Key Experimental Results

Main Results

Method PSNR↑ SSIM↑ LPIPS↓ L1↓ AED↓ APD↓ CSIM↑
LivePortrait 23.29 0.830 0.373 0.046 0.129 0.021 0.830
Follow-Your-Emoji 25.69 0.841 0.236 0.029 0.147 0.015 0.803
X-NeMo 21.56 0.781 0.324 0.048 0.137 0.018 0.830
Ours 26.55 0.859 0.184 0.022 0.132 0.009 0.835

The proposed method substantially outperforms all baselines on the self-driven task: PSNR +0.86 (vs. F-Y-E), LPIPS −0.052, APD as low as 0.009.
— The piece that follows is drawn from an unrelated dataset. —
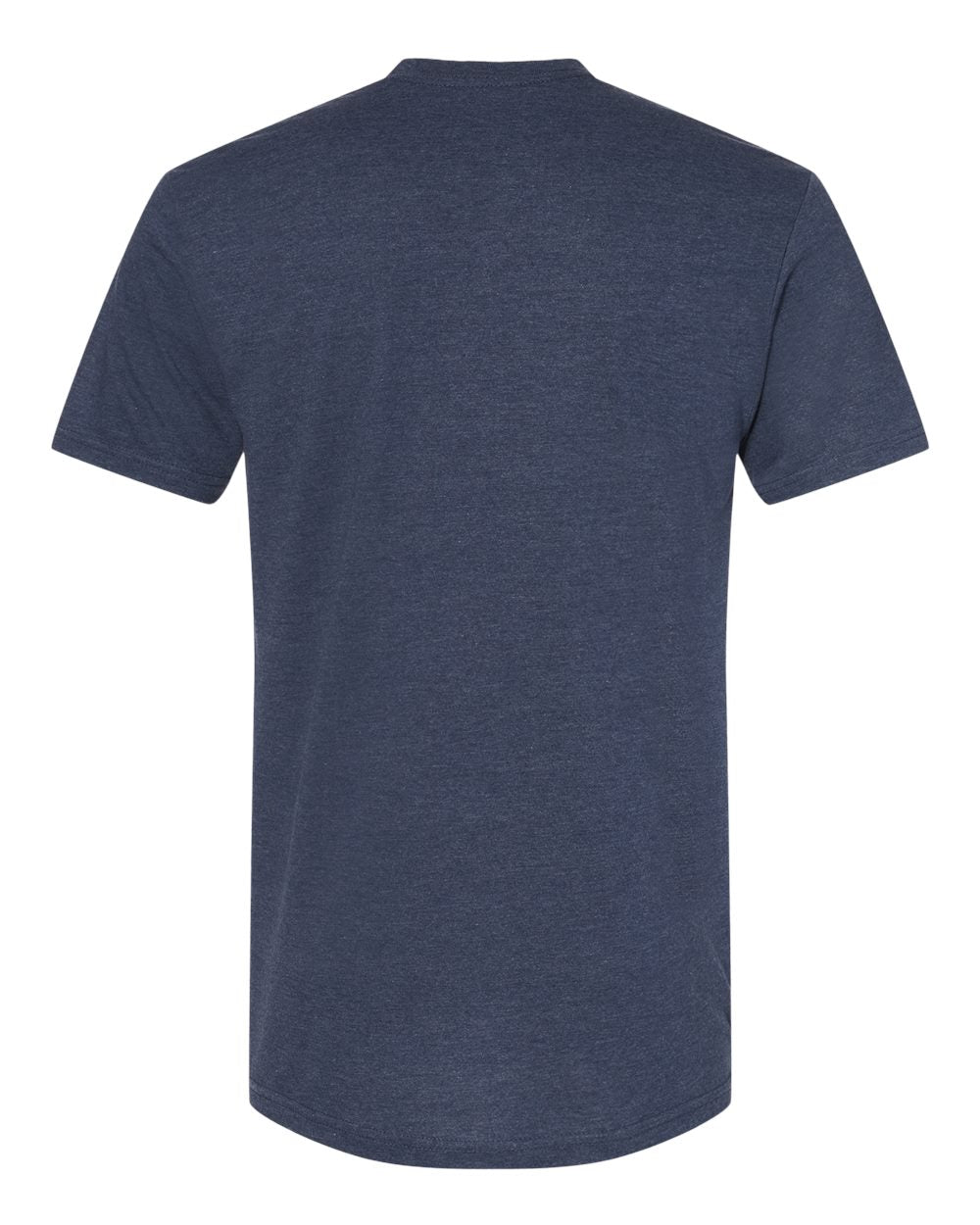 Gildan 64000CVC Unisex Softstyle® CVC T-Shirt - Navy Mist - Back View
Cross-Identity Reenactment

Method AED↓ APD↓ CSIM↑
LivePortrait 0.286 0.230 0.729
X-NeMo 0.171 0.021 0.722
Ours 0.211 0.013 0.729

The proposed method achieves the best trade-off between expression accuracy (AED/APD) and identity preservation (CSIM).

Ablation Study

Configuration Key Metric Description
SMPL-X baseline Stiff expressions, limited facial dynamics Expressiveness ceiling of standard parametric models
Direct offset transfer Weakened and unnatural expressions Incompatibility of offsets across identities
Full model Rich expressions + high fidelity Personalized representation + adaptive transfer

Key Findings

  • The personalized head representation significantly outperforms standard SMPL-X, improving both expression richness and identity fidelity simultaneously.
  • Implicit motion methods (Hunyuan Portrait, X-NeMo) can produce realistic results but suffer from severe identity leakage.
  • Explicit control methods (AniPortrait, F-Y-E) are limited by sparse or low-rank signals, resulting in insufficient expressiveness.
  • The expression transfer module generates more vivid and natural expressions compared to direct offset transfer.

Highlights & Insights

  • The ceiling of intermediate representations determines generation quality: Rather than improving the generator, it is more effective to increase the information density and controllability of control signals.
  • Static + dynamic disentanglement design: Achieved through spatial constraints (facial/non-facial regions) and temporal regularization (zero-mean dynamic offsets), without requiring additional annotations.
  • Identity-adaptive mechanism: Conditional prediction avoids a one-size-fits-all approach to expression transfer and is consistent with anatomical differences across individuals.

Limitations & Future Work

  • Intra-oral regions are not modeled: Details such as the tongue cannot be precisely generated.
  • Eye movement is insufficiently refined: Fine-grained eye motion capture is lacking.
  • The limited amount of training data (~10 hours) may constrain generalization to extreme poses and expressions.
  • The approach has not been extended to full-body animation scenarios.
  • Compared to the implicit keypoint approach of LivePortrait, the explicit 3D representation proposed here is more controllable and does not suffer from identity leakage.
  • Compared to the FLAME-driven approach of Follow-Your-Emoji, the personalized offset field captures more high-frequency details.
  • Insight: The idea of personalized representation can be generalized to hand and full-body animation scenarios.

Rating

  • Novelty: ⭐⭐⭐⭐ The design of personalized offset fields combined with identity-adaptive transfer is innovative.
  • Experimental Thoroughness: ⭐⭐⭐⭐ Comprehensive evaluation covering both self-driven and cross-driven settings, with clear ablations and convincing qualitative comparisons.
  • Writing Quality: ⭐⭐⭐⭐ Clear exposition with well-structured pipeline diagrams and formalized notation.
  • Value: ⭐⭐⭐⭐ Provides a superior intermediate representation scheme for high-fidelity portrait animation with strong practical value.